• [Description of the task] An acceptable answer repeats exactly the line with "Late 16th Century: Blouse" and each line after it through the end of the entries, and includes nothing else.

START Provided records

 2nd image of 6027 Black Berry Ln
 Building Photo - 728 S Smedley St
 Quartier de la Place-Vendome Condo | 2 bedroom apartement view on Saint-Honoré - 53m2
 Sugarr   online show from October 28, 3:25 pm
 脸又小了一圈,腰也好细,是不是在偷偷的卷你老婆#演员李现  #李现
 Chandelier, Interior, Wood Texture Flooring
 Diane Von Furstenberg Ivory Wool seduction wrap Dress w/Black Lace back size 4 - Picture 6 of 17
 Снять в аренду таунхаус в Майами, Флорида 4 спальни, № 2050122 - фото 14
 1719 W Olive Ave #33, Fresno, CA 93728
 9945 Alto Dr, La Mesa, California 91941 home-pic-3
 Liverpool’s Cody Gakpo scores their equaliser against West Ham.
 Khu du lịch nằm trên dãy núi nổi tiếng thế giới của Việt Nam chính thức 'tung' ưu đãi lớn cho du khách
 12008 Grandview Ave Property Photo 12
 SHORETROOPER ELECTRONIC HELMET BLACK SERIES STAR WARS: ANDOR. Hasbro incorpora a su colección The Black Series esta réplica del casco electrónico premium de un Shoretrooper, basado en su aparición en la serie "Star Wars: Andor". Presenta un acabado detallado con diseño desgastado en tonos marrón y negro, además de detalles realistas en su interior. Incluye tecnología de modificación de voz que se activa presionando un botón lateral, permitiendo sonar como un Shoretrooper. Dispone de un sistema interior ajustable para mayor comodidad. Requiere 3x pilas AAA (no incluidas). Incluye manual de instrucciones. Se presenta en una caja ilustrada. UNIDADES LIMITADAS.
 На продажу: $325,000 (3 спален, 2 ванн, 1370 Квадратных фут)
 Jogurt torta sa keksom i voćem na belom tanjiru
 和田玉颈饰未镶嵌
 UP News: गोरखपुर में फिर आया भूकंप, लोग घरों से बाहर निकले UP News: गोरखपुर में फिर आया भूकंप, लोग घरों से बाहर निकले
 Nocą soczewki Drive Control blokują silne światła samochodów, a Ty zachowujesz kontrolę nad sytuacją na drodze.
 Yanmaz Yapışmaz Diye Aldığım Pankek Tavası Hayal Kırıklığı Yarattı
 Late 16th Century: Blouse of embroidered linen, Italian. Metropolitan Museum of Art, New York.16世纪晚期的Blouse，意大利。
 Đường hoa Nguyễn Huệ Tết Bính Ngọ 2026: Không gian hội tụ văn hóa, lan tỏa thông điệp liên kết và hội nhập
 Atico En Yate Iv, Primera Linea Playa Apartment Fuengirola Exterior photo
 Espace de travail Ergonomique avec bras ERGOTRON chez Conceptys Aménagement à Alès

END Provided records

• [Your solution]
 Late 16th Century: Blouse of embroidered linen, Italian. Metropolitan Museum of Art, New York.16世纪晚期的Blouse，意大利。
 Đường hoa Nguyễn Huệ Tết Bính Ngọ 2026: Không gian hội tụ văn hóa, lan tỏa thông điệp liên kết và hội nhập
 Atico En Yate Iv, Primera Linea Playa Apartment Fuengirola Exterior photo
 Espace de travail Ergonomique avec bras ERGOTRON chez Conceptys Aménagement à Alès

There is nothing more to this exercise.